I have done some looking around on linux and found two more sources
of IPv6 fragmentation. First, unless explicitly told not to, 'ping6'
will use IPv6 fragmentation to ensure that ICMPv6 echo request packets
larger than the path MTU are delivered to the final destination. The
destination then gets to reassemble the ICMPv6 echo request packets
first, and then turns around and uses IPv6 fragmentation to ensure
that its ICMPv6 echo replies get back to the source.

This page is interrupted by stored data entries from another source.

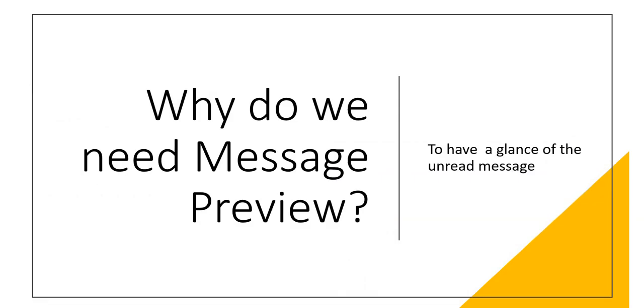Next is why do we need a message preview? Obviously to have a glance of your unread message. So just like on your mobile phones you get a notification on WhatsApp and you can see a message preview, and if that's urgent you can go ahead and read that or reply to that, and if it is not you just ignore it and maybe look at that later.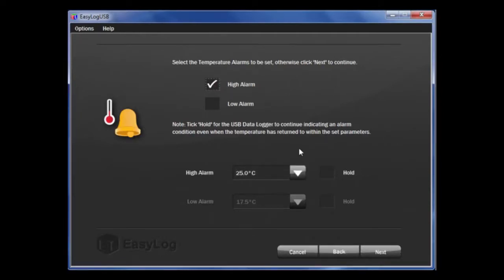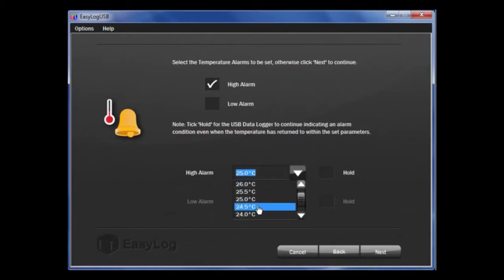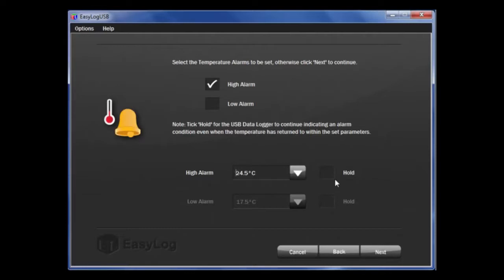Using the scroll down button here, choose the appropriate value. You will note to the right hand side that there is a tick box saying Hold. This is a feature that will continue to show an alarm condition even if the temperature has returned to a normal condition.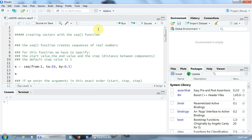Let's create a sequence of numbers from 1 to 10 with a step of 0.5, so the distance between components must be 0.5. As you can notice here in this line, the start value is defined using the argument FROM. The end value is defined using the argument TO — it is 10. And the step is defined by the argument BY — it is 0.5. This line will create a sequence from 1 to 10 using the step of 0.5, and everything will be stored in a vector X.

Secondly, a router at the head end of an IPv6 IPsec tunnel can in some
cases fragment the inner IPv6 packet before encapsulation; the final
destination then gets to reassemble. Since this is a tunnel mode
operation, the fragmentation occurs regardless of the inner transport
layer protocol. This bears some further consideration, because IPv6
routers are not supposed to fragment IPv6 packets in transit. The best
I can figure is that an IPsec tunnel router is usually the sole egress
point for an IPv6 host located in the protected network so the router
can act as if it is a "proxy host". It is then the router (and not the
protected host) that inserts the IPv6 fragment header and sets the
Identification value. Again, the final destination gets to perform
reassembly, and this could be for any transport protocol type; not
just for UDP.

I believe what I am seeing from my experiments that yielded the above
observations is accurate, but would welcome any comments or corrections.